Question

For another approach to Theoretical Exercise 7.33, let Tr denote the number of flips required to obtain a run of r consecutive heads.

(a) Determine $E\left[T_r\mid T_{r-1}\right]$.

(b) Determine $E\left[T_r\right]$in terms of $E\left[T_{r-1}\right]$.

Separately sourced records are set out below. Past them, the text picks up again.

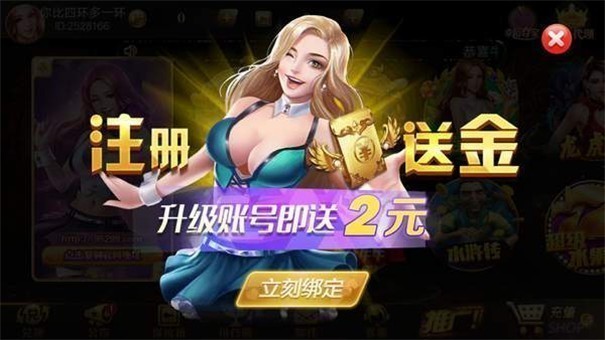 九五至尊9590棋牌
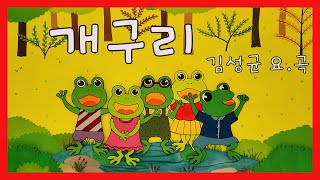 정서발달을 위한 유아동요  개구리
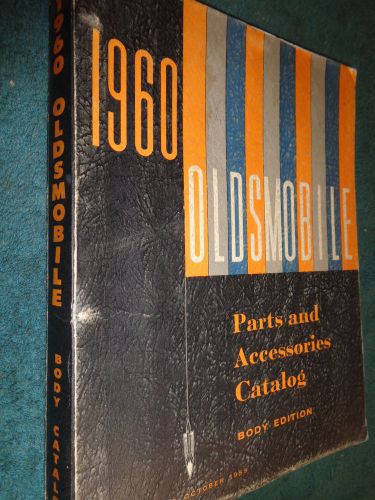 1953-1960 oldsmobile body parts catalog / original 59 58 57 56 55 54 book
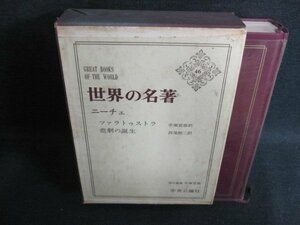 世界の名著46　ニーチェ　箱・カバー破れ有・シミ日焼け強/FEZG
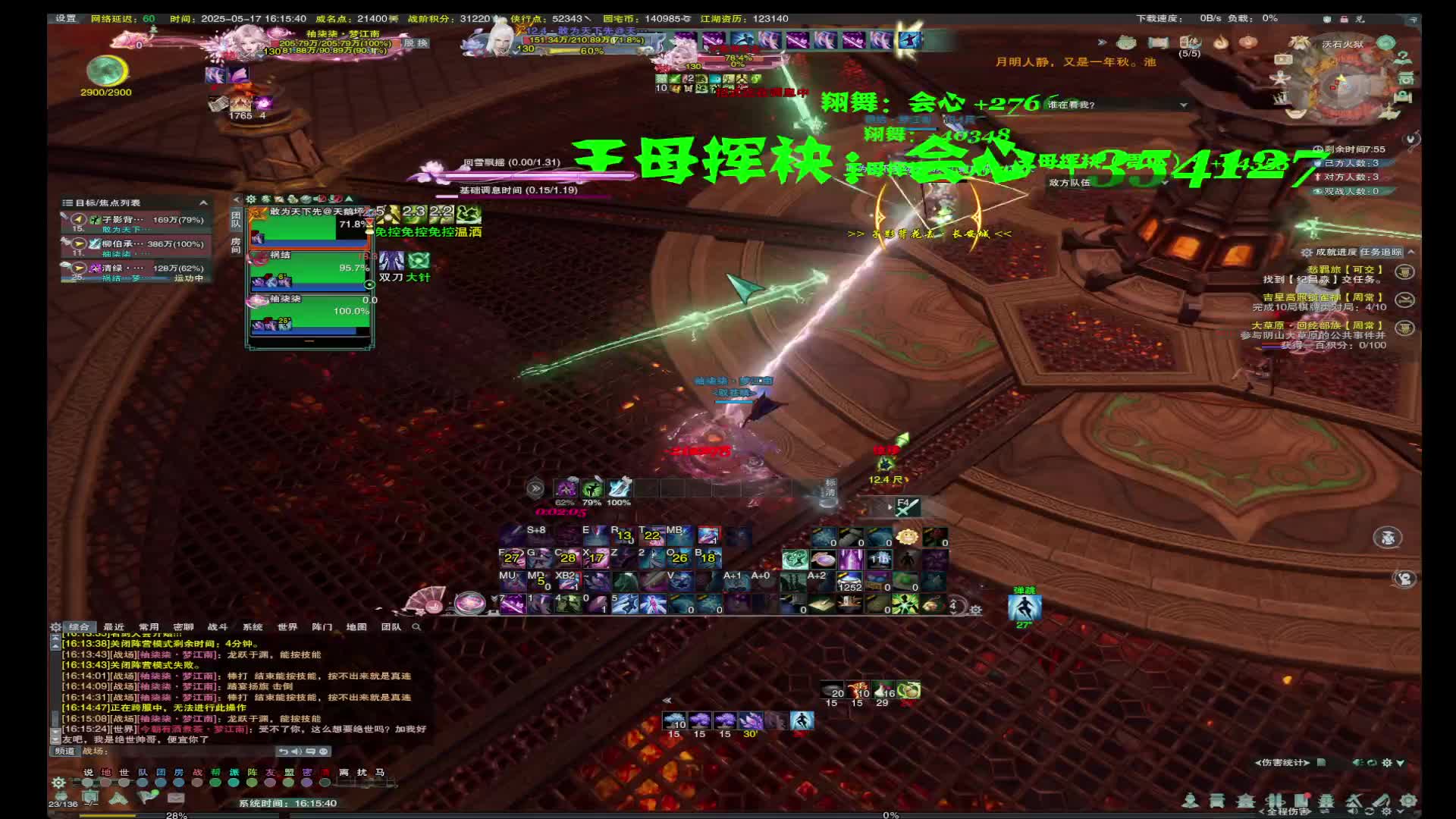 20250517-13藏凌秀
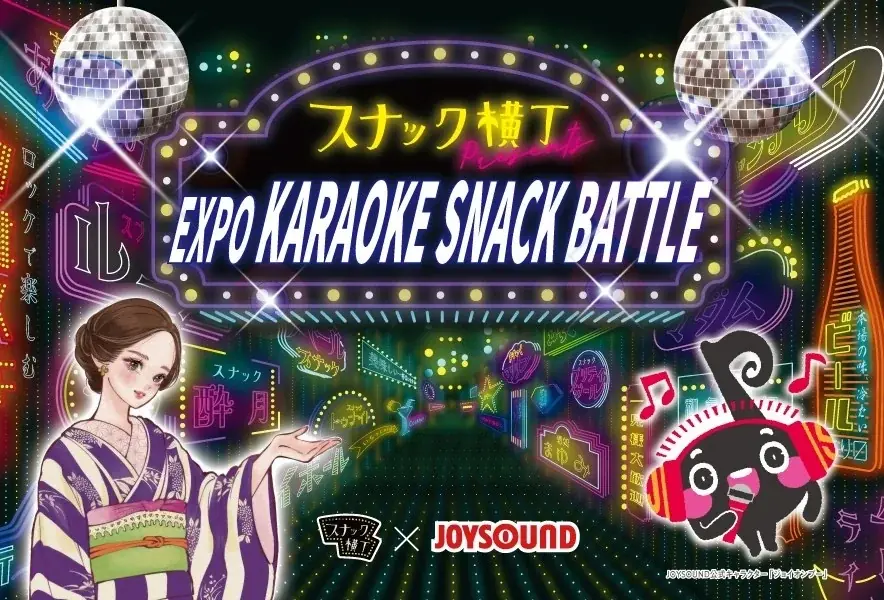 7月19日開催！大阪駅でスナック×カラオケの国際交流イベント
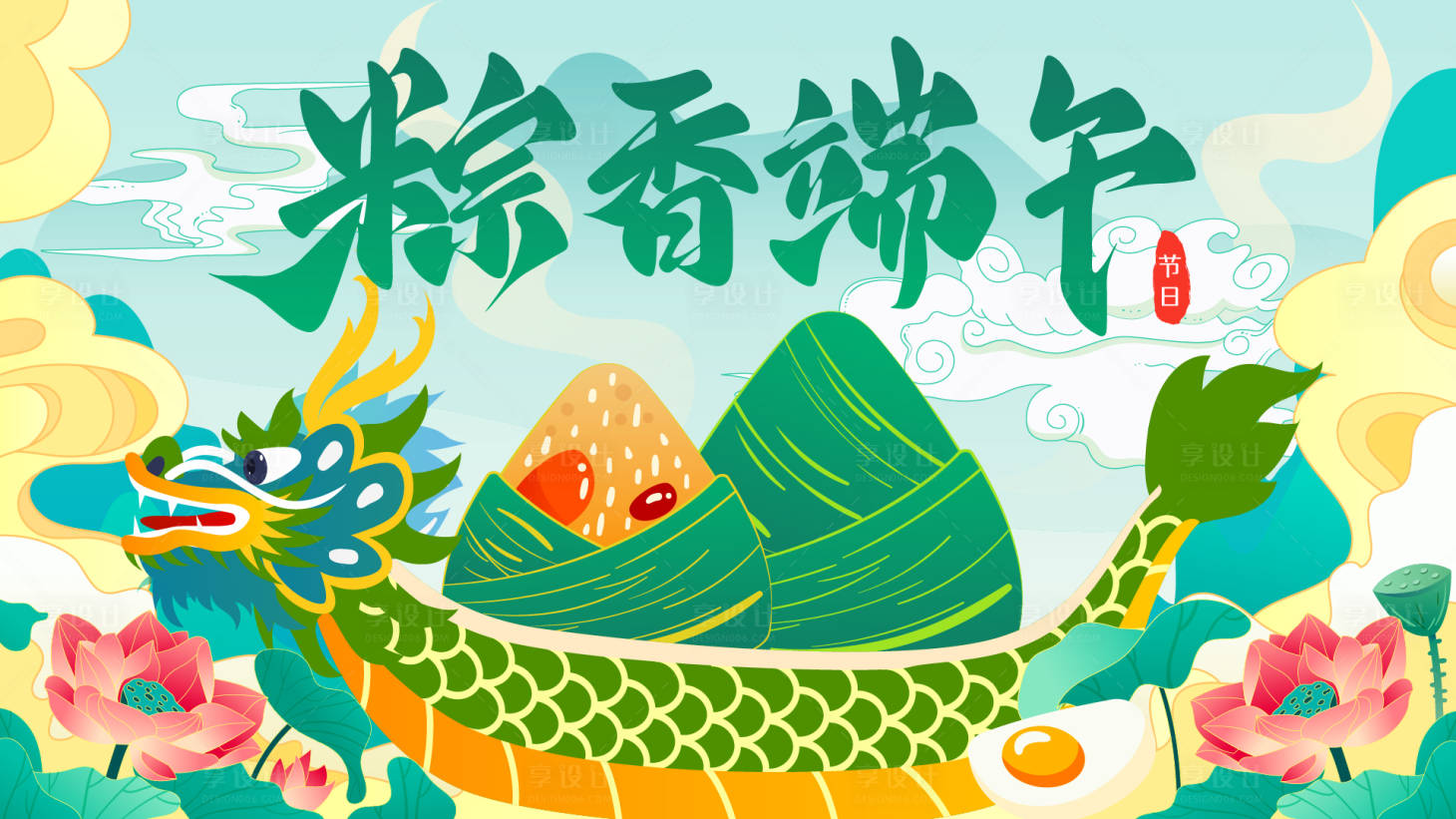 源文件下載【享設計】搜索編號：82790024336799930【粽香端午海報】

(c) What is $E\left[T_1\right]$?

(d) What is $E\left[T_r\right]$?

Short answer

1. It has been determined that $E\left[T_r\mid T_{r-1}\right]=T_{r-1}+1+(1-p)E\left[T_r\right]$
   
2. It has been determined that$E\left[T_r\right]=\frac{1}{p}+\frac{1}{p}E\left[T_{r-1}\right]$.
3. It has been found that $E\left[T_1\right]=\frac{1}{p}$.
4. It has been found that$E\left[T_r\right]=\sum _{i=1}^r {\left(\frac{1}{p}\right)}^i$.

Step-by-step solution

Given information (Part a)

Tr denote the number of flips required to obtain a run of r consecutive heads

Solution (Part a)

$p=$the probability that a coin lands on heads

$E\left[T_r\right]=$the number of flips required to obtain a run of r consecutive heads.

Find $E\left[T_r\mid T_{r-1}\right]$

$E\left[T_r\mid T_{r-1}\right]=T_{r-1}+1+(1-p)E\left[T_r\right]$

Final answer (Part a)

It has been determined that$E\left[T_r\mid T_{r-1}\right]=T_{r-1}+1+(1-p)E\left[T_r\right]$

Given information (Part b)

Tr denote the number of flips required to obtain a run of r consecutive heads

Solution (Part b)

Find $E\left[T_r\right]$

If expectations on both sides of (a) yields,

$E\left[T_r\right]=E\left[T_{r-1}\right]+1+(1-p)E\left[T_r\right]$

$=\frac{1}{p}+\frac{1}{p}E\left[T_{r-1}\right]$

Final answer (Part b)

It has been determined that$E\left[T_r\right]=\frac{1}{p}+\frac{1}{p}E\left[T_{r-1}\right]$̣

Given information (Part c)

Tr denote the number of flips required to obtain a run of r consecutive heads

Solution (Part c)

Find $E\left[T_1\right]$

Substitute 1 for r in part (b).

$E\left[T_1\right]=E\left[T_{1-1}\right]+1+(1-p)E\left[T_1\right]$

$=E\left[T_0\right]+1+(1-p)E\left[T_1\right]$

$=\frac{1}{p}+\frac{1}{p}E\left[T_0\right]$

$=\frac{1}{p}$

$\left[E\left[T_0\right]=0\right]$

Final answer (Part c)

It has been found that$E\left[T_1\right]=\frac{1}{p}$

Given information (Part d)

Tr denote the number of flips required to obtain a run of r consecutive heads

Solution (Part d)

Find $E\left[T_r\right]$

$E\left[T_r\right]=\frac{1}{p}+\frac{1}{p}E\left[T_{r-1}\right]$

$=\frac{1}{p}+\frac{1}{p}\left[\frac{1}{p}+\frac{1}{p}E\left[T_{r-1}\right]\right]$

$=\left(\frac{1}{p}\right)+{\left(\frac{1}{p}\right)}^2+{\left(\frac{1}{p}\right)}^{2}E\left[T_{r-2}\right]$

$=\left(\frac{1}{p}\right)+{\left(\frac{1}{p}\right)}^2+{\left(\frac{1}{p}\right)}^3+{\left(\frac{1}{p}\right)}^{3}E\left[T_{r-3}\right]$

$=\sum _{i=1}^r {\left(\frac{1}{p}\right)}^i+{\left(\frac{1}{p}\right)}^{r}E\left[T_0\right]$

$=\sum _{i=1}^r {\left(\frac{1}{p}\right)}^i$

Final answer (Part d)

It has been found that$E\left[T_r\right]=\sum _{i=1}^r {\left(\frac{1}{p}\right)}^i$